'Spike' pokes at Hong Kong

A new magazine mirrors a growing democratic spirit that fueled protests in Hong Kong last summer.

Capturing the spirit of the times, particularly if one is cursed to live in interesting ones, has been the inspiration behind countless small journals - from the famed abolitionist newspaper, The Liberator, to the anti-Vietnam war rag, Ramparts. But to take a stab at contemporary Hong Kong in a time of protest, absurdity, and manifest contradictions, publisher Stephen Vines felt that satire was the only possible medium.

Hence the recent birth of Spike, Asia's first English-language weekly lampoon.

Hong Kong has gone through some rough seas of late: the SARS epidemic, five years of falling real estate prices, concern about jobs, and a lack of transparency in government. Critics blasted a city project to put on a Rolling Stones concert, and Hong Kong Chief Executive Tung Chee-hwa was pilloried for never visiting a SARS-stricken area (unlike Chinese Premier Wen Jiabao, who did). The situation in 2003 got so ridiculous by Hong Kong standards that a rogue crocodile - an elusive beast who lives in a small city estuary and who has evaded even an Australian croc hunter - was voted 2003's "person of the year."

Enter Mr. Vines, a well-known Hong Kong media figure, who says his weekly magazine is founded upon a democratic spirit that emerged during last summer's protests - when a half-million demonstrators, including bankers, lawyers, and doctors, marched against antisubversion laws that would curb free expression. It was the start of what now seems a political movement.

July 1 represented "an unexpected outbreak of good sense," Vines felt. He asked his friends if any English-language media was "capturing the feeling that is in Hong Kong today." The answer was "no," so Vines and a band of merry pranksters without deep pockets sought funds and put up cash for an irreverent weekly. A cross between Private Eye and the Spectator, Spike averages 48 pages with a staff of seven and about 40 contributors.

"The only way to preserve free expression is to test it on its margins," Vines argues, pointing out that while Chinese- language media are developing political humor, there isn't much happening in English.

"At Spike, we plan to carry on annoying influential people; we will cater to the interests of our readers," Vines says.

The cover of the first edition shows Chief Tung dumping a box of ballots, thinking to himself, "We won't be needing these, then." The content is a grab bag of goofy and spoofy, interspersed with hard-hitting pieces on politics, stuffed shirts, and corruption in Hong Kong and the region. One edition offered a profile of the diminutive Cyd Ho, a Frontier Party cofounder whose face made front pages in Asia when she defeated a venerable Tung ally in district elections last November.

Hong Kong has a British-born tradition of a relatively free press and is not subject to the prohibitions of state- controlled media on the mainland. That freedom has not been much tampered with since the 1997 hand over.

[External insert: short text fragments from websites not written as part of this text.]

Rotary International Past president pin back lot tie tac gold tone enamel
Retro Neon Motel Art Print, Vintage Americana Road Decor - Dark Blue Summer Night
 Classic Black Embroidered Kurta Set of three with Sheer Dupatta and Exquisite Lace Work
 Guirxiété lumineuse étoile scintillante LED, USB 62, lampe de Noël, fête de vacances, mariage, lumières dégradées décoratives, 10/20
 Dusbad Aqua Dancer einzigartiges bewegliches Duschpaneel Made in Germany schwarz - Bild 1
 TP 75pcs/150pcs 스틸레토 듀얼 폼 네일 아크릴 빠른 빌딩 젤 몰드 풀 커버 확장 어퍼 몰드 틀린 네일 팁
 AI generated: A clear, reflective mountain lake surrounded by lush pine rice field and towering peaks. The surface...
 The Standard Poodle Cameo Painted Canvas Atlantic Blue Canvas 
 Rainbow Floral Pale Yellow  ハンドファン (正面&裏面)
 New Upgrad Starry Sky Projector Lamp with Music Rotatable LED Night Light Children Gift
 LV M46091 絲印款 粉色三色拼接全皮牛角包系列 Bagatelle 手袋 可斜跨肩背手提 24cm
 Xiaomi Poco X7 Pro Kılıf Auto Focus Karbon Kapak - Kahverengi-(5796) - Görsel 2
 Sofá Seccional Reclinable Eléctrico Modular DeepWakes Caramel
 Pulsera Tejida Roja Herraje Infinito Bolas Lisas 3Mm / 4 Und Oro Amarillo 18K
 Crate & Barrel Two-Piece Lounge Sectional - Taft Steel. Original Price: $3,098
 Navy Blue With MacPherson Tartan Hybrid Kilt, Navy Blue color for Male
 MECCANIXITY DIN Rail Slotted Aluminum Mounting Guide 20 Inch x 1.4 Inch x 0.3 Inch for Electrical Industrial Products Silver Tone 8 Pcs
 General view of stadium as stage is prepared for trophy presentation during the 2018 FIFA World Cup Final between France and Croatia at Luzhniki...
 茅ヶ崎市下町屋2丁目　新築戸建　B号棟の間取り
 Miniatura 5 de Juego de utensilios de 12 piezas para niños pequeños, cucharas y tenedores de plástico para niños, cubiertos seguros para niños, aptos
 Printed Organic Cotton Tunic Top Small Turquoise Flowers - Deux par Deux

While Spike's editorial concept is decidedly "pro-democracy," Vines isn't interested in long treaties or didactic pieces. He wants to start a debate about Hong Kong's future, though after eight issues he says it's hard to find writers who want to defend the status quo. "No one wants to make the argument in print, but ... I'm trying to find those contributors," he says.

Columns include "Betty's Diary," an "intimate journal of the wife of a very important person"; "Expat TV," a chronicle of friction between ethnic groups; and a bit called "Shoeshiner," describing "acts of sycophancy above and beyond the call of groveling." There are media reviews and pokes at newspapers like the "South China Morning Post," and old New Yorker-style excerpts sent from readers in a section called "Gobble D Gook Award," which honors "murderous assaults on the English language."

One mostly has to be in the Hong Kong milieu to get the references. But not entirely.

One Chinese reader says she won't keep buying the magazine, because she feels it is written for the several hundred thousand expats living here. One expat reads a colleague's copies, but says, "I look at this from a commercial standpoint, and wonder how they will make any money. It looks like a labor of love."